TILF Success Stories: Meet Evan Ott
Posted by Trudy Richards on 05/07/2014
Designing a college course and writing your own textbook are not easy ideas to execute. TILF Scholar Evan Ott says he wouldn’t have had the audacity to even think of doing either without having been involved in UIL in high school.
Evan began participating in UIL as freshman, dabbling in Science, Math, Current Issues & Events, but always returning to his home base: UIL Computer Science. Evan says he owes much success to coach Glen Martin, who teaches Computer Science at the School for the Gifted and Talented in Dallas.
“He pushed our team to compete as often as possible and always worked to support student ideas on how the team could improve,” Evan said.
As president of the Computer Science club, Evan worked diligently to explain overarching computer science concepts to other students hoping to master the UIL Computer Science contest. Now, Evan is in his third-year at the University of Texas at Austin, double-majoring in Honors Computer Science and Honors Physics.
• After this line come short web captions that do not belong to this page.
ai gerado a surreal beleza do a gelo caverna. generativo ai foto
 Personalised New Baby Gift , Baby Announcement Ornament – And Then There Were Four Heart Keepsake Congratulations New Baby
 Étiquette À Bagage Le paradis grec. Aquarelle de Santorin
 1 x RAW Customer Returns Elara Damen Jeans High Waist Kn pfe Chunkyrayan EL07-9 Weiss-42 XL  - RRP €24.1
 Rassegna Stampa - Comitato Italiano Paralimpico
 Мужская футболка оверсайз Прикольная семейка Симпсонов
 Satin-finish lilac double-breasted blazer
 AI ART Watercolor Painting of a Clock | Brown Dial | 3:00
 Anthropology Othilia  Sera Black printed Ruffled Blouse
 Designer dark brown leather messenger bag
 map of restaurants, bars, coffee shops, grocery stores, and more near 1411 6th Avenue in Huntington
Just like in high school, he is a driving force behind some of the developments shaping the learning environment of his peers.
“I don’t care about the recognition,” he said. “Scholarships are great, though!”
After learning that he had received a Moody Foundation scholarship through TILF, Evan says he felt like his hard work had paid off.
“Every dollar counts,” he said. “Since my family is one of those that's still recovering from the recession, I've had to pay my way through college with scholarships and jobs.”
Evan has been able to finance his education without taking on any student loans, something he says he’s grateful for everyday.
“That financial freedom lets me focus on school and extracurricular activities,” he said.
Since 2012, Evan has been the President of the Society of Physics Students at the University of Texas, spearheading initiatives to engage current and prospective students to a higher level of understanding. According to Distinguished Teaching Professor of Physics Greg Sitz, the past few years has seen steady but unprecedented growth in the UT Austin Physics department, from 200 students to about 500 students.
“Perhaps the biggest contributing factor to this growth that I can identify is the tremendous level of activity of the current students, and this has been led by Evan,” Sitz said. “From reviving the Departmental open house, to the huge activities of the Society of Physics Students, to organizing a two day campus visit for prospective physics majors in the spring, help sessions, pot lucks, the list goes on and it has all been driven by Evan.”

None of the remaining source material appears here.